Bridging the gap between ocean and climate dynamics and its impacts on end users is a key goal. As such, we aim to provide practical outcomes of use to stakeholders in the agriculture and water management sectors and the public.
Our society is becoming increasingly vulnerable to changes in the hydrological cycle. The ocean’s role in modulating past, present, and future variations in global water availability is increasingly recognized and forms the motivation for our research. It is crucial to address variations in the hydrological cycle in an integrated manner across different components of the climate system, such as ocean, atmosphere, and land, and crossing different timescales from synoptic, interannual, to decadal and beyond.

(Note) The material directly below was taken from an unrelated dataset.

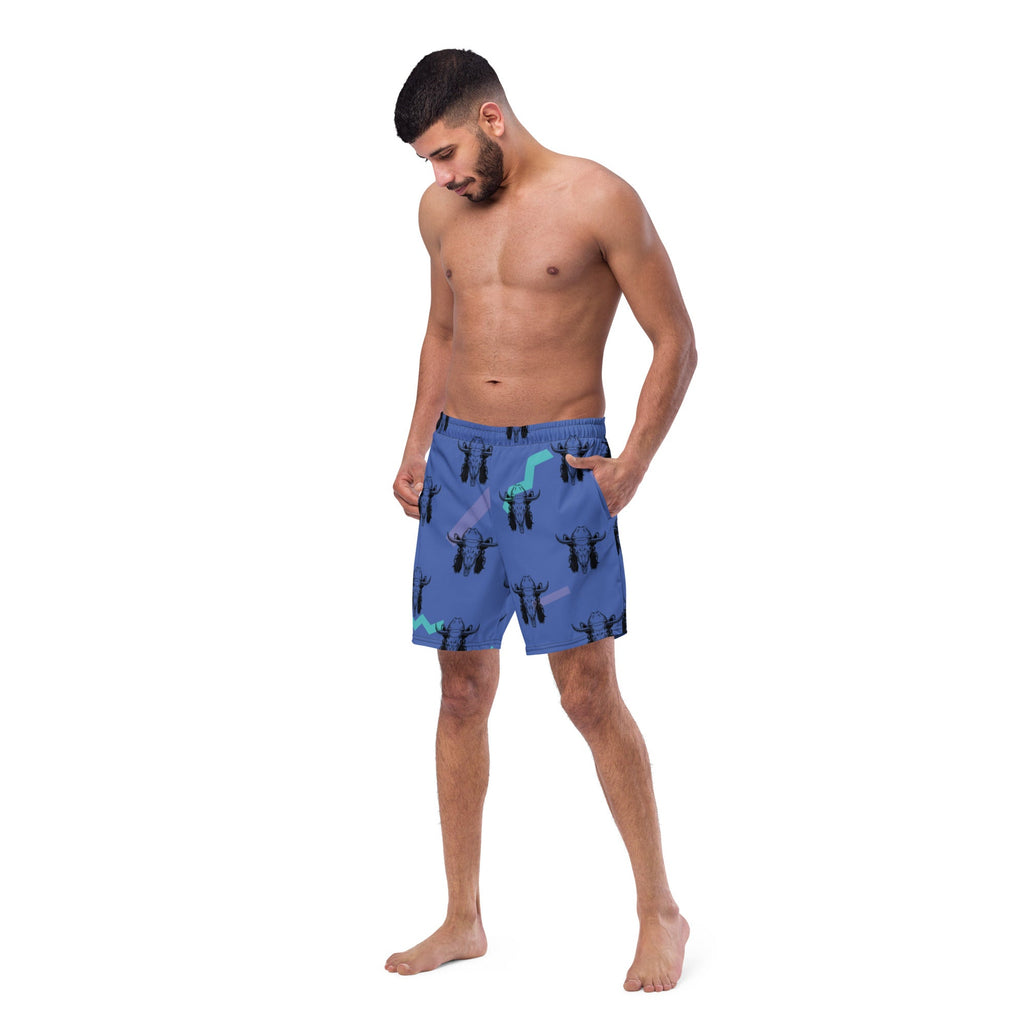 Baha Ranch Yeehaw Mullet Cowboy Men's Swim Trunks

Given the much longer persistence of ocean properties, compared to the higher-frequency variability in the atmosphere, advanced understanding of links between the upper ocean and regional climate can help improve seasonal and longer term rainfall forecasts. This is a vital component for water and agricultural management as global population continues to rise and uncertainty about change persists in the water cycle in a warming world.
In climate research, long datasets are invaluable. They help scientists to establish a baseline of weather and climate variability, against which to measure changes over time, feed into models for sophisticated reanalysis efforts going back to the 1800s, and illuminate interactions between different components of the climate system. Unfortunately, pre-19th century instrumental data from regions beyond Europe and North America is sparse.
A growing field of scholarship addresses this gap by interpreting historical records. Historic documentation (e.g., navy, merchant, and whaling ship logbooks, colonial port records) contain untapped potential for daily, quantifiable maritime weather information. Recording atmospheric conditions in the nautical context was essential to safe travel. One of the richest troves of maritime weather information is contained in the vast archives of ships’ logs, in which officers routinely recorded weather information during their voyages. More
Climate and Ocean Models
State-of-the-art climate models represent a key tool of our research. This includes idealized sensitivity and process studies in various climate and ocean model configurations to better understand ocean dynamics, as well as ocean-atmosphere interactions and their impacts on land around the world. We also use output from large international modeling projects, such as the Coupled Model Intercomparison Projects.
It is critical to assess the fidelity of state-of-the-art climate models in representing past and present climate conditions across different temporal and spatial timescales. Developing assessment tools for climate models based on dynamic principles is a goal in many of our projects.